«— Вы наживете себе врагов.
— Тем лучше, нам это даже нравится. Вообще-то, с тех пор, как о книге заговорили, врагов у нас уже появилось немало. Нам приходится отказываться от встреч.
— С этими вашими намеками на такого-то или такую-то... которые в те времена занимали важные посты... вы слишком далеко заходите...
— Мне так не кажется, — ответил Дошен. — Вы как-то не так прочли.
— На самом деле мы ни на кого не нападаем, — ввернул Гастинель. — Это просто... ну скажем, легкие уколы».
Проблема Гастинеля в том, что ему нужно придумать формулировки, подходящие одновременно и для книги, которую знает Дошен — он ее написал, а ведущий не имеет о ней ни малейшего представления, — и для книги, которую держит в руках ведущий, а Дошен даже не догадывается о ее содержании. Дошен в своей рукописи и не думает портить жизнь бывшим коллаборационистам, которые сменили принципы, — а книга Селин полна обвинений против ее бывших сообщников. Выражение «легкие уколы» становится компромиссным вариантом — во фрейдовском смысле — между двумя книгами, о которых одновременно говорят в этой передаче. Так Гастинель на глазах у миллионов телезрителей экспромтом выстраивает фрагменты общей книги, которая будет приемлемой для обеих сторон и в которой каждая сторона сможет узнать знакомое ей произведение.
• • •
Но сложности в разговоре с Дошеном возникают не только у телеведущего. Та же проблема была и у Селин, и у критиков, без конца говорящих с Дошеном о книге, в которой ему трудно увидеть что-то знакомое, потому что он ее не читал.
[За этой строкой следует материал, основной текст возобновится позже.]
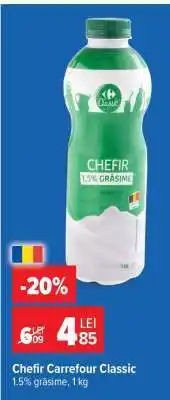 Carrefour Chefir Carrefour Classic Ofertă
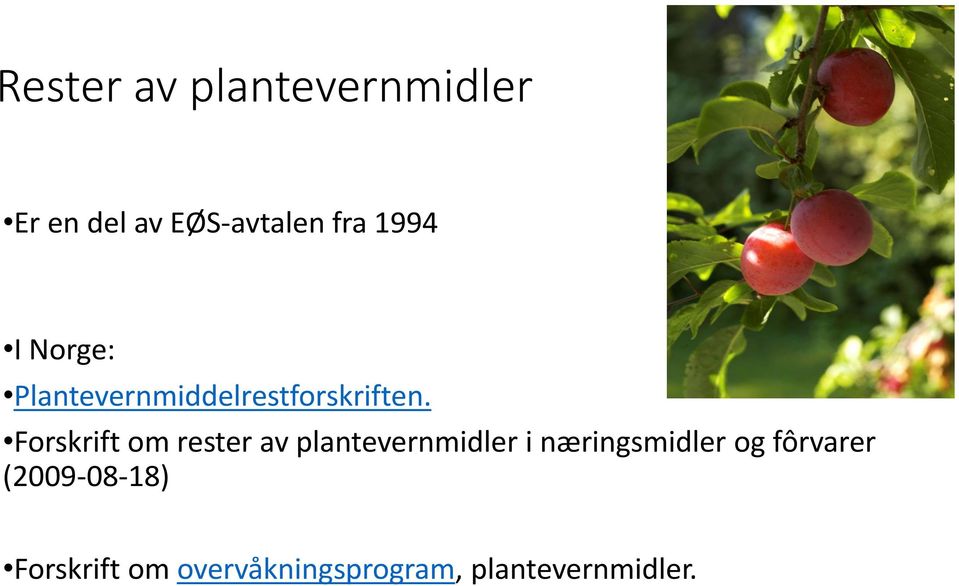 Forskrift om rester av plantevernmidler i næringsmidler og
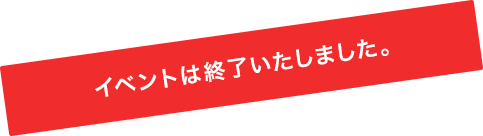 イベントは終了いたしました。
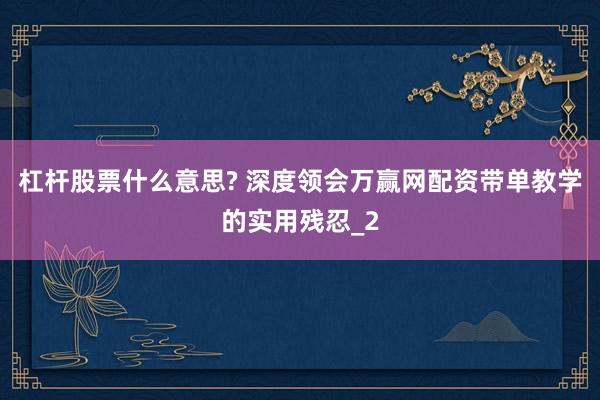 杠杆股票什么意思? 深度领会万赢网配资带单教学的实用残忍_2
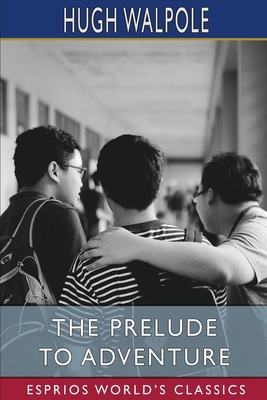 The Prelude to Adventure (Esprios Classics) 1006639608 Book Cover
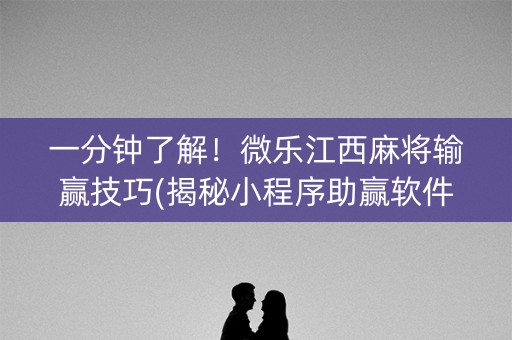 一分钟了解！微乐江西麻将输赢技巧(揭秘小程序助赢软件)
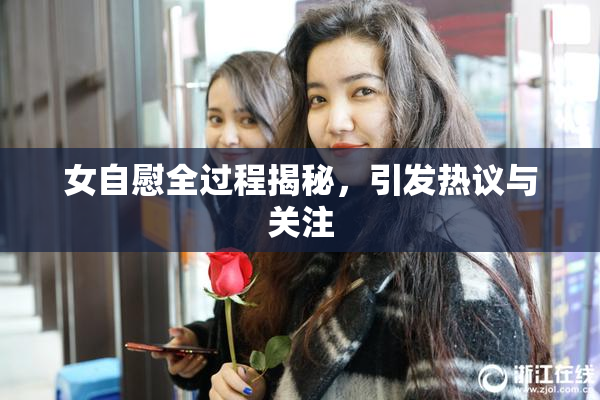女自慰全过程揭秘，引发热议与关注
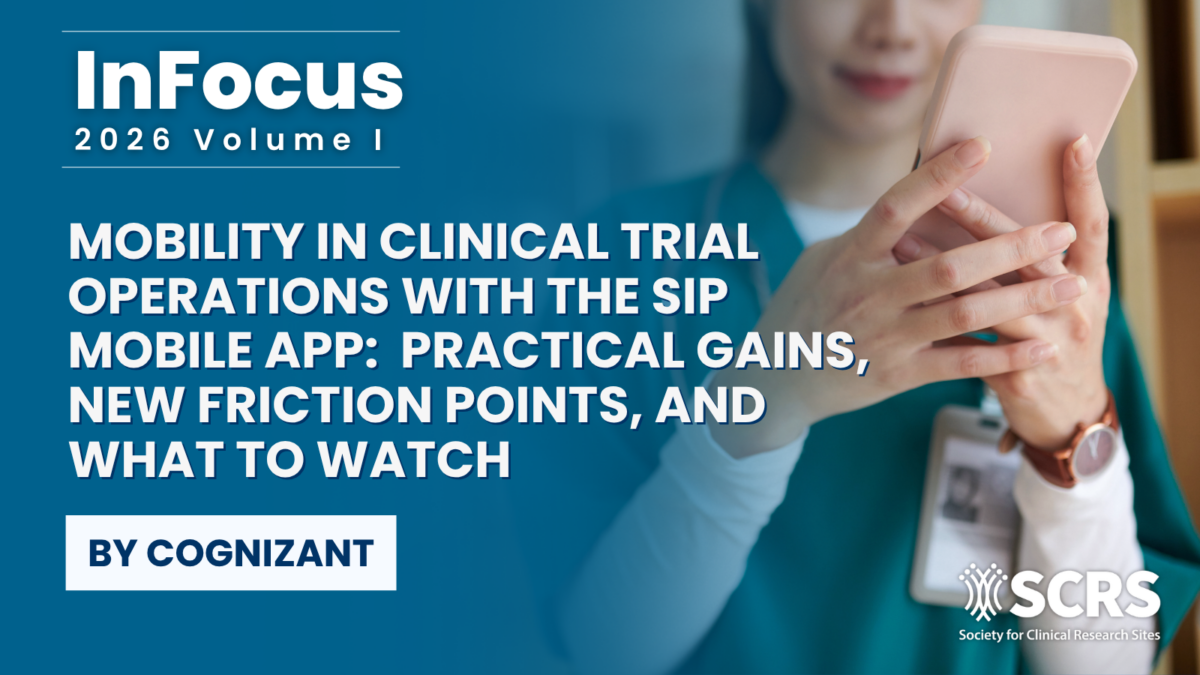 Nurse with a phone titled 'mobility in clinical trial operations with the SIP mobile app'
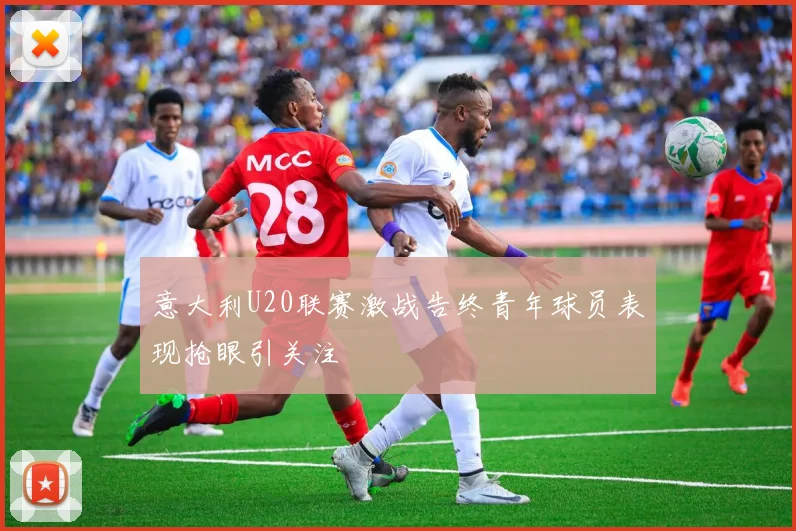 意大利U20联赛激战告终青年球员表现抢眼引关注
И хотя Селин, к несчастью, знает, что на самом деле написал Дошен, потому что она каждый день перепечатывает страницы на машинке, она не может сказать ему, что она на самом деле об этом думает, и ей приходится говорить с ним о некой вымышленной книжке, в которой ему трудно узнать свой текст. Он ошеломлен дифирамбами, которые слышал от нее в те дни, когда она перепечатывала книгу, и у него есть все основания сомневаться, что они действительно относятся к его произведению, потому что, по сути, Селин обращает их через его голову — к себе самой:
«По правде, мне повезло... Так редко встретишь хорошего писателя, особенно в наши дни. Великие нас покинули... и уже никогда не вернутся. „Оставляю вам мои книги, не скучайте“. Селин... Арагон... Жионо... Беккет... Генри Миллер... Да, ну и Марсель... [...] И как подумаю, что некоторые фразы ты так исчеркал, что и не прочтешь! Иногда удается каким-то чудом разобрать то, что ты вымарал, — это потрясающе. Ты выбросил самое лучшее. Представляю, что же делалось у тебя в голове, когда ты все это закручивал.
Улыбка у меня на губах должна была изобразить озадаченный скепсис.
— Можно один вопрос: а вы точно читали именно мою рукопись?»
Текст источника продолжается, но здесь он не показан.